Ritchie Bros. links each interaction to trusted, seamless equipment transactions.
Behind every machine sale is a chain reaction of people, decisions and interactions that either reinforce trust – or quietly unravel it. At Ritchie Bros., one of the world’s largest equipment marketplaces, customer loyalty is earned step by step, from first enquiry to final delivery, and only holds together if every link in the chain does its job.
When businesses talk about ‘customer experience’, it is often framed as a marketing promise or a sales moment. But for companies trading high-value assets, often across borders, the reality is both more complex and more fragile.

“Customer experience doesn’t belong to one team,” says Shane Eshuis, who leads operations for Ritchie Bros. across International. “It belongs to everyone who touches the customer, at every point in the journey. One weak step can undo 10 strong ones.”
Over its more than half century Ritchie Bros. has evolved from live auctions into a global digital marketplace, one connecting countless buyers and sellers across continents. Yet the principle remains the same: trust is built through consistency. Over the past year alone, the company has managed more than 100,000 lots across its International region (EMEA and APAC), representing successful machine disposals and acquisitions across borders and time zones– a process that spans inspections, pricing, documentation, logistics, compliance, payment and delivery. No single step defines the experience. Together, they do.
Why the whole journey matters
Shane often explains the idea using a simple analogy. “If you go to a fine dining restaurant and the food is exceptional, the wine is perfect – but then you wait 15 minutes for the bill, and when it arrives there’s a mistake, the entire experience is degraded. You don’t remember the food. You remember how it ended.”
The same is true in heavy industrial, agricultural, and transportation equipment trading. A seamless sales process can be undone by a delayed document, a missed call, or an unclear delivery update. The experience is not owned by Operations, Sales or Support – it is shaped by how those teams collectively work together.

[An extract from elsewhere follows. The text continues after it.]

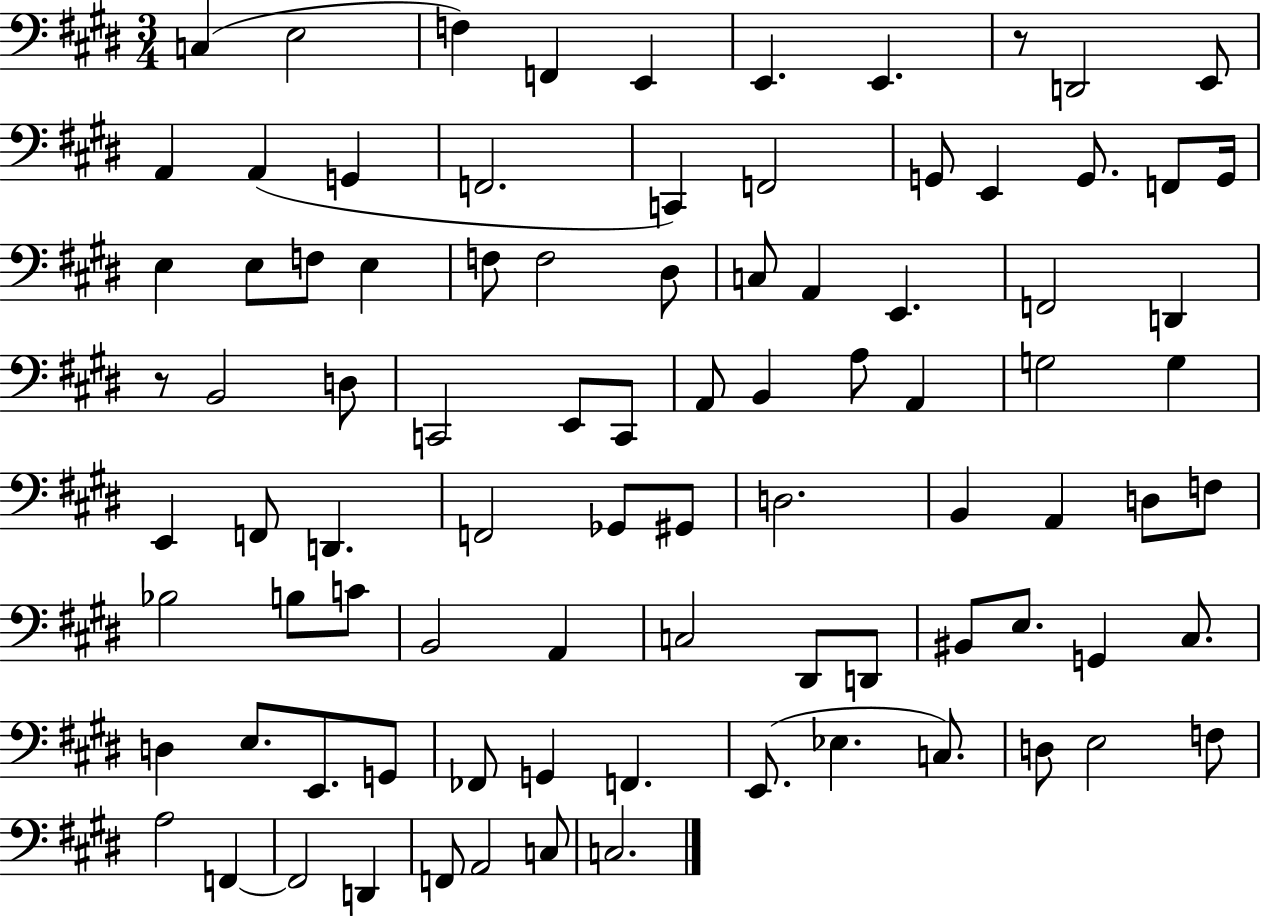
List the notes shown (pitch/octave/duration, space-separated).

C3/q E3/h F3/q F2/q E2/q E2/q. E2/q. R/e D2/h E2/e A2/q A2/q G2/q F2/h. C2/q F2/h G2/e E2/q G2/e. F2/e G2/s E3/q E3/e F3/e E3/q F3/e F3/h D#3/e C3/e A2/q E2/q. F2/h D2/q R/e B2/h D3/e C2/h E2/e C2/e A2/e B2/q A3/e A2/q G3/h G3/q E2/q F2/e D2/q. F2/h Gb2/e G#2/e D3/h. B2/q A2/q D3/e F3/e Bb3/h B3/e C4/e B2/h A2/q C3/h D#2/e D2/e BIS2/e E3/e. G2/q C#3/e. D3/q E3/e. E2/e. G2/e FES2/e G2/q F2/q. E2/e. Eb3/q. C3/e. D3/e E3/h F3/e A3/h F2/q F2/h D2/q F2/e A2/h C3/e C3/h.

“Marketing sets expectations. Sales builds the relationship by acting as a trusted advisor. Support underpins the customer experience behind the scenes and Operations makes sure everything actually happens,” adds Shane. “If one link in that chain breaks, the customer feels it immediately.”
Built on trust, powered by people
From first contact to final handover, customers interact with multiple parts of the organization: account managers, inspectors, transport partners, yard teams, documentation specialists, finance, customer support. Each plays a role in the same story.
“A construction company owner shouldn’t have to worry about the processes and requirements for moving equipment within their own country,” Shane explains. “They should be focused on their business. Our job is to ensure the process complies with local requirements and runs smoothly.”
That enabling mindset is essential in a business operating across jurisdictions and cultures with vastly different regulatory demands. A vehicle registration in the United Kingdom may take minutes; in Spain, a single agricultural tractor sale can require more than a dozen separate documents. Yet from the customer’s perspective, the expectation is simple: take care of the complexity, so customers can focus on their core business.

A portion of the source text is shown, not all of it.